YOUR TASK =
Only the lines from the one with "A sawback dagger" through the end of the data are wanted, copied exactly.

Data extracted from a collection
►

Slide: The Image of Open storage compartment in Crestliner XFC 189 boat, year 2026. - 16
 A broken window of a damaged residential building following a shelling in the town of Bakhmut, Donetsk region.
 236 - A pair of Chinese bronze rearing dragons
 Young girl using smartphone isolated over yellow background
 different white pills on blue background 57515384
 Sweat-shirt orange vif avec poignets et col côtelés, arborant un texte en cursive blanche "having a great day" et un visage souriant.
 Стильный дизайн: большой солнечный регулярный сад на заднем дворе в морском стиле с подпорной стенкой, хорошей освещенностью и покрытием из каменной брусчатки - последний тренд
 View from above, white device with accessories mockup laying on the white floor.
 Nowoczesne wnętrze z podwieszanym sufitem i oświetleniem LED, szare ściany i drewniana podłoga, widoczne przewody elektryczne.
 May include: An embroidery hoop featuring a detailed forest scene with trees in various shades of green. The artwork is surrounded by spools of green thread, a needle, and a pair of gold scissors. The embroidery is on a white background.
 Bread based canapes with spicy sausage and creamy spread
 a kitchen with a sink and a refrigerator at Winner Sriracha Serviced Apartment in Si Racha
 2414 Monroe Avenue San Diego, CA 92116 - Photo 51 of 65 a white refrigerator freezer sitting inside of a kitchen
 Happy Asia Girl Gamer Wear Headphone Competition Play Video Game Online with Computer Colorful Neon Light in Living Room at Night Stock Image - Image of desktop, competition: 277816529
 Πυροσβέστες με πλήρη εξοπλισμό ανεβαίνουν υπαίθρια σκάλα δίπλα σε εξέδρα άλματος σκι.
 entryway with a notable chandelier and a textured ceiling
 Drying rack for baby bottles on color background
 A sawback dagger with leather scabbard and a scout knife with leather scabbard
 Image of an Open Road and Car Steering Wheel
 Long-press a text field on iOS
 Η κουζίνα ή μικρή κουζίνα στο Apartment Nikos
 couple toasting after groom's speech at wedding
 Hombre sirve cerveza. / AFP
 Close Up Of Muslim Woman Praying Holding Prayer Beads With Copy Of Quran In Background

◄

REPLY =
 A sawback dagger with leather scabbard and a scout knife with leather scabbard
 Image of an Open Road and Car Steering Wheel
 Long-press a text field on iOS
 Η κουζίνα ή μικρή κουζίνα στο Apartment Nikos
 couple toasting after groom's speech at wedding
 Hombre sirve cerveza. / AFP
 Close Up Of Muslim Woman Praying Holding Prayer Beads With Copy Of Quran In Background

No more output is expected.